Most of this area might be staying short like a chia pet but without the combination of the aquaponics and the duck farming/chicken farming, I don't believer I would have ever gotten this much grass growing on the gravel here. The 2 dry looking spots are actually straw I put out for bedding and improving foraging.
I can sure tell the difference in the fall color between the last two days and today from the photo I took, I think tomorrow or the next day I will try to take a comparison photo of the trees.
Earlier this year I had noticed the pond had gotten bigger even though it was shallower.
I took notice after noticing that it was from the ducks foraging in the sand and gravel, I thought certainly they must be making a mess for me to clean out at the bottom of the pond and that was how I got started cleaning out pond muck.
But only a few bucket fulls out of over a hundred bucketfuls of mostly fish waste were ones with a bit of sand and pea gravel.
No missing sand in pond, no missing sand in droppings.
On remeasuring the pond early this summer I found it had gone from 15' X 35' to 18' X 38'.
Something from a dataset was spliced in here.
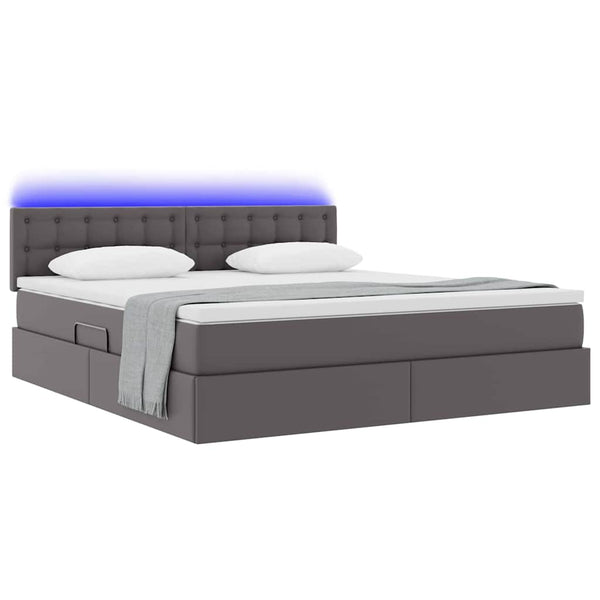 Bett mit Stauraum & LED Grau 180x200 cm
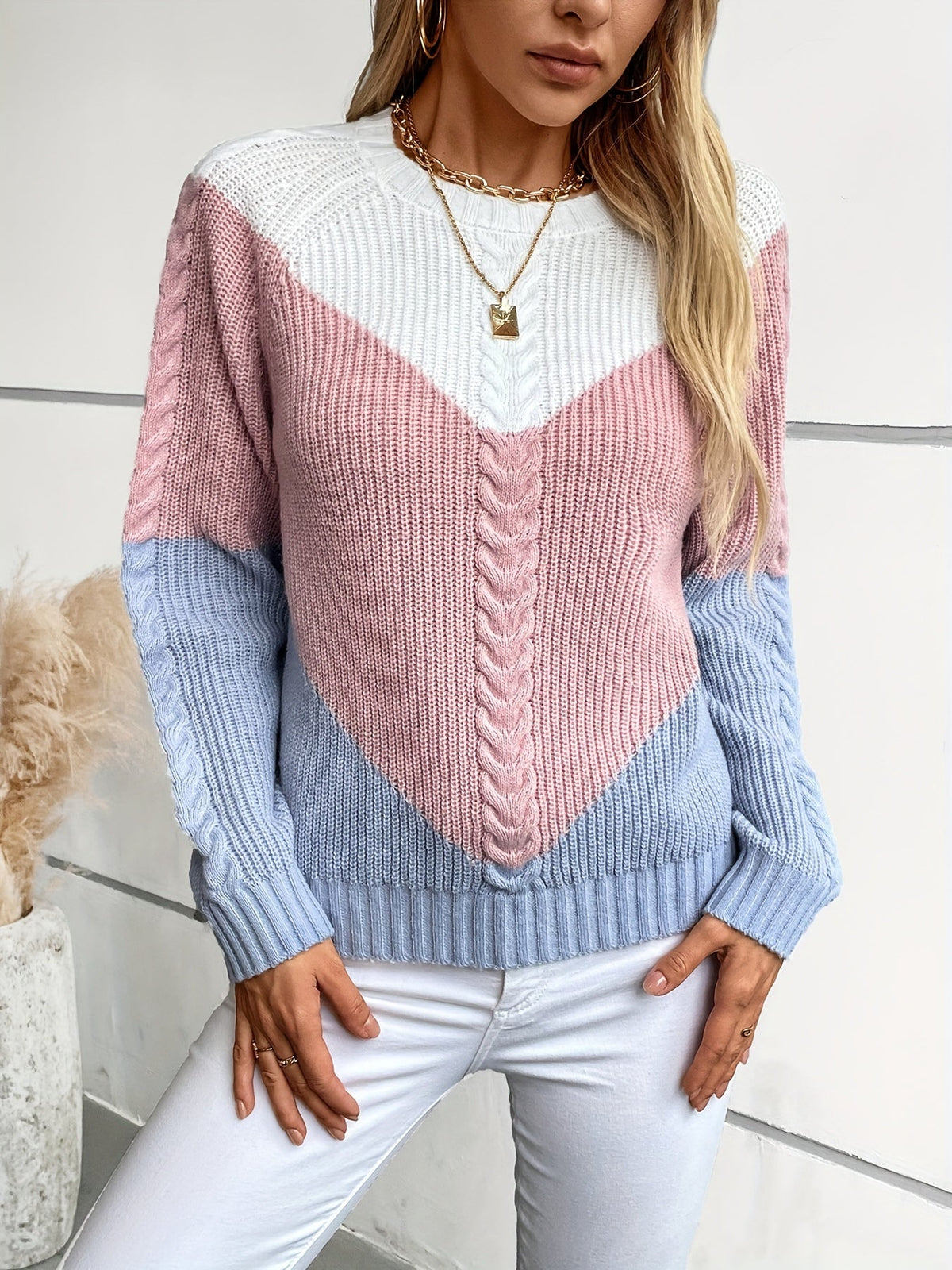 Women's Colorblock Round Neck Knit Sweater - Pink Colorblock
And so a few days ago when I thought this was a lot of sand to be missing, I decided "they must digest it, and that is why they make so much droppings when they eat little vegetation or feed".
So today I was asked by someone how big it is so I decided to measure it since I had noticed it got bigger.
This time, the pond went from 18' X 38' to 23' X 46' and now I realize why the level hasn't been coming up as much as it usually does this time of year, it actually has more water in it because it's so much bigger.
The way I figure there is 50% more water than normal in the pond when it is a dryer year than normal.
My pond has been frozen over since about the beginning of December.
No packing water to the ducks this year though.
The ducks started eating snow and are actually doing better eating the snow than the water I packed to them.
Lots of plans for spring, even more than usual.
Almost 700 seedlings on order, should keep me busy all spring!
I'm mostly planting evergreens this year.
I think I have the place in good enough shape to get a better survival rate out of them and they are more efficient than most broad-leaved trees at pulling water vapor out of the air.
Should help feed the pond extra water if this turns out.
Should also improve the snow catching capability/wind erosion control/dirt trap for other peoples wind erosion.
I am going to plant some fruit trees as well as Filberts (hazel nuts).
Somewhere between 2 and 4 years left before I can start harvesting bass, long term commitment investment these bass, they have to be 4 years old before they reproduce, going to wait till the offspring are old enough to reproduce.
My biggest fear is they (the bass) will be like my birds and be forever young and non-reproductive, even my oldest birds (3 years +) seem to still lay pullet eggs.